For the past thirteen years, Tamara Thomsen has worked as a Maritime Archaeologist with Wisconsin Historical Society's Maritime Preservation and Archaeology program. Her research has resulted in the nomination of forty-two Great Lakes shipwrecks to the National Register of Historic Places. For her dedicated work, she has received awards from the Association for Great Lakes Maritime History, the Great Lakes Shipwreck Preservation Society, and in 2014, she was inducted into the Women Divers Hall of Fame. Tamara has worked as a photographer, researcher, and research diver on projects including the USS Monitor with NOAA National Marine Sanctuaries, and RMS Titanic with Woods Hole Oceanographic Institution.
On the night of August 2, 1877, the four-year-old schooner Grace A. Channon plunged to the bottom of Lake Michigan within five minutes of being struck by the propeller Favorite. Her co-owner, Henry L. Graham and his two young sons, Harry and Alexander, were aboard taking passage from Buffalo to Chicago by water. Seven-year-old Alexander became separated from his father and was sucked under as the ship sank in 180 feet of water 16 miles southeast of Milwaukee.

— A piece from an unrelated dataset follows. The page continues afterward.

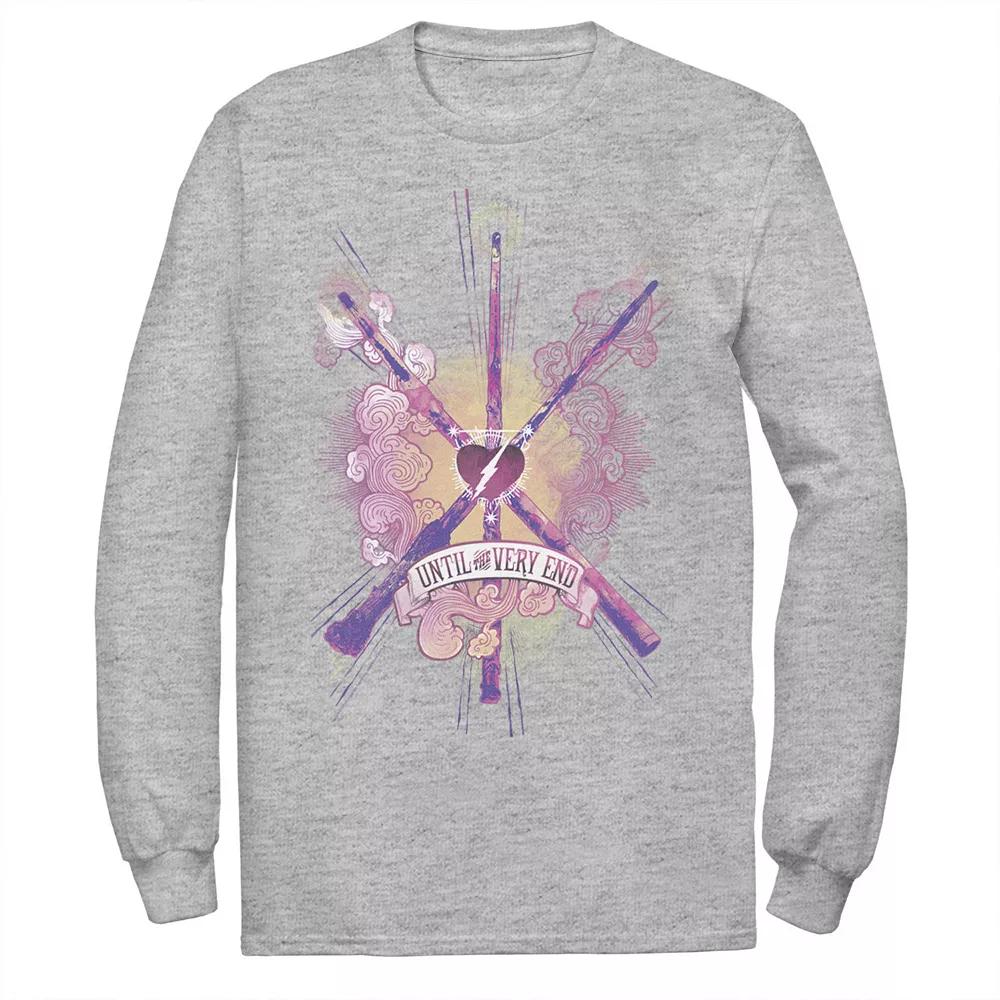 Men's Harry Potter Until The Very End Wands Tee, Size: Large, Athletic Grey Product Image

Grace A. Channon was engineered with specific hull lines and unique adaptions that allowed a tight fit within the locks of the Welland Canal (the canal that bypasses Niagara Falls). Ships with these features, called sailing canallers, carried grain harvested from Midwestern farmlands to ports on Lake Ontario and returned loaded with coal to heat cities and power factories. Much of our understanding of the construction, adaptations and use of these ships has been learned over a twelve-year investigation conducted by Wisconsin Historical Society, through documentation of shipwreck sites like Grace A. Channon, Daniel Lyons, Walter B. Allen, Floretta,America and others.